Enhanced hybrid attention deep learning for avocado ripeness classification on resource constrained devices.

作者信息

Nuanmeesri Sumitra

机构信息

Faculty of Science and Technology, Suan Sunandha Rajabhat University, Bangkok, 10300, Thailand.

出版信息

Sci Rep. 2025 Jan 29;15(1):3719. doi: 10.1038/s41598-025-87173-7.

DOI:10.1038/s41598-025-87173-7
PMID:39880865
原文链接:https://pmc.ncbi.nlm.nih.gov/articles/PMC11779919/
Abstract

Attention mechanisms such as the Convolutional Block Attention Module (CBAM) can help emphasize and refine the most relevant feature maps such as color, texture, spots, and wrinkle variations for the avocado ripeness classification. However, the CBAM lacks global context awareness, which may prevent it from capturing long-range dependencies or global patterns such as relationships between distant regions in the image. Further, more complex neural networks can improve model performance but at the cost of increasing the number of layers and train parameters, which may not be suitable for resource constrained devices. This paper presents the Hybrid Attention Convolutional Neural Network (HACNN) model for classifying avocado ripeness on resource constrained devices. It aims to perform local feature enhancement and capture global relationships, leading to a more comprehensive feature extraction by combining attention modules for the Convolutional Neural Network models.
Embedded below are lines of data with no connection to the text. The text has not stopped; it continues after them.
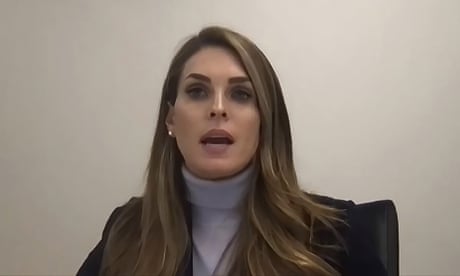 Trump aide Hope Hicks texted ‘we look like domestic terrorists’ on January 6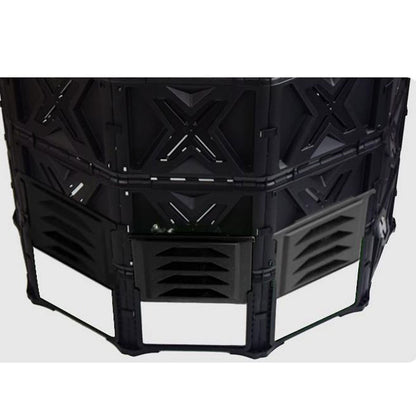 Kitchen Compost Bin, Compost Bin Outdoor Tumbler Compost, 540L(142 Gallons) Extra Large Capacity BPA Free Composting Box All Season Composter for Garden Yard, Can Also be a Pet Fence ,Indoor Compost B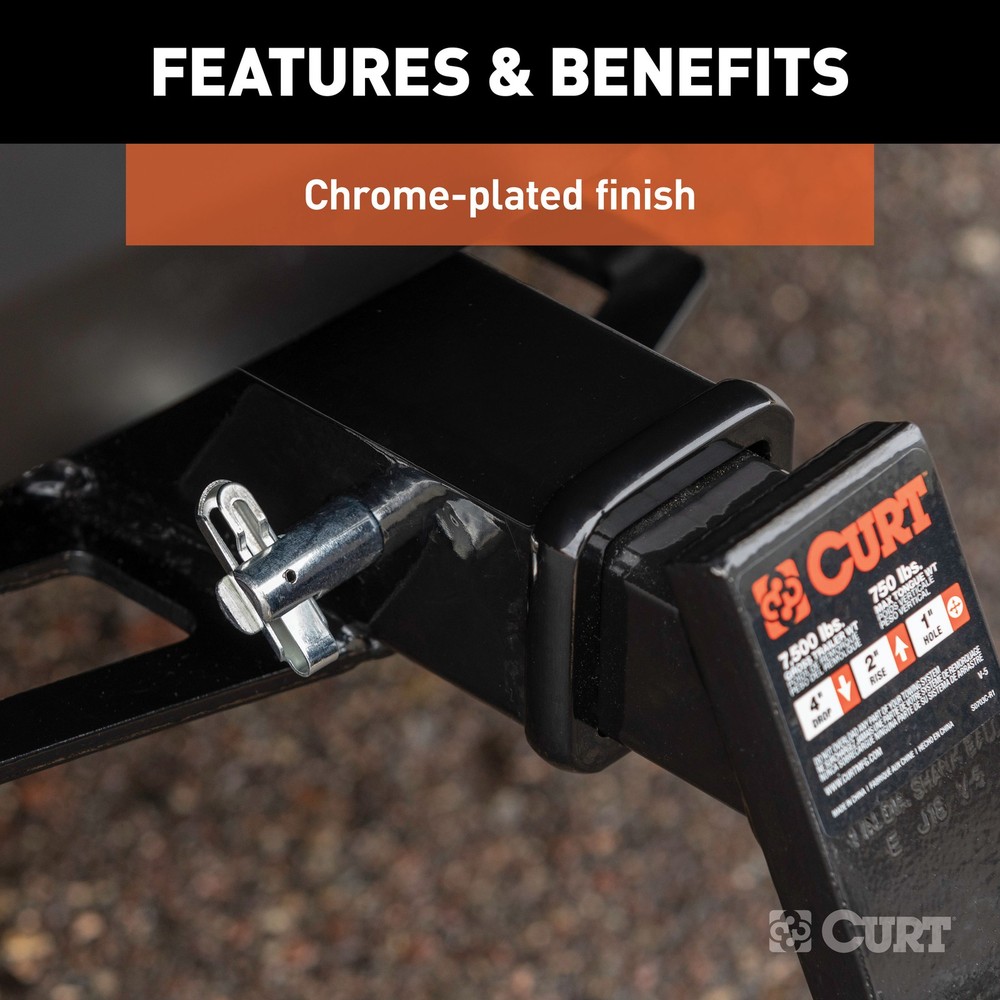 Curt-5/8" Swivel Hitch Pin (2" Receiver, Chrome, Packaged)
The proposed HACNN model combines transfer learning in the Convolutional Neural Network with hybrid attention mechanisms, including Spatial, Channel, and Self-Attention Modules, to effectively capture the intricate features of avocado ripeness from fourteen thousand images. Extensive experiments demonstrate that the transfer learning HACNN with the EfficienctNet-B3 model significantly outperforms conventional models regarding the performance and accuracy of 96.18%, 92.64%, and 91.25% for train, validation, and test models, respectively. In addition, this model consumed 59.81 MB of memory and an average inference time of 280.67 ms with TensorFlow Lite on a smartphone. Although the transfer learning HACNN with the ShuffleNetV1 (1.0x) model consumes the least resources, its testing accuracy is only 82.89%, which is insufficient for practical applications. Thus, the transfer learning HACNN with the MobileNetV3 Large model is an exciting option for resource constrained devices. It has a test accuracy of 91.04%, an average memory usage of 26.52 MB, and an average inference time of 86.94 ms on the smartphone. These findings indicated that the proposed method enhances avocado ripeness classification accuracy and ensures feasibility for practical implementation in low-resource environments.

摘要

诸如卷积块注意力模块(CBAM)之类的注意力机制有助于强调和细化与鳄梨成熟度分类最相关的特征图,如颜色、纹理、斑点和皱纹变化。然而,CBAM缺乏全局上下文感知能力,这可能会阻碍它捕获长距离依赖关系或全局模式,如图像中远距离区域之间的关系。此外,更复杂的神经网络可以提高模型性能,但代价是增加层数和训练参数数量,这可能不适用于资源受限的设备。本文提出了用于在资源受限设备上对鳄梨成熟度进行分类的混合注意力卷积神经网络(HACNN)模型。它旨在进行局部特征增强并捕获全局关系,通过为卷积神经网络模型组合注意力模块来实现更全面的特征提取。所提出的HACNN模型将卷积神经网络中的迁移学习与混合注意力机制相结合,包括空间、通道和自注意力模块,以有效地从一万四千张图像中捕获鳄梨成熟度的复杂特征。大量实验表明,采用EfficienctNet-B3模型的迁移学习HACNN在训练、验证和测试模型的性能和准确率方面分别显著优于传统模型,达到了96.18%、92.64%和91.25%。此外,该模型在智能手机上使用TensorFlow Lite时消耗59.81MB内存,平均推理时间为280.67毫秒。虽然采用ShuffleNetV1(1.0x)模型的迁移学习HACNN消耗的资源最少,但其测试准确率仅为82.89%,不足以用于实际应用。因此,采用MobileNetV3 Large模型的迁移学习HACNN对于资源受限设备来说是一个令人兴奋的选择。它在智能手机上的测试准确率为91.04%,平均内存使用量为26.52MB,平均推理时间为86.94毫秒。这些发现表明,所提出的方法提高了鳄梨成熟度分类的准确率,并确保了在低资源环境中实际实施的可行性。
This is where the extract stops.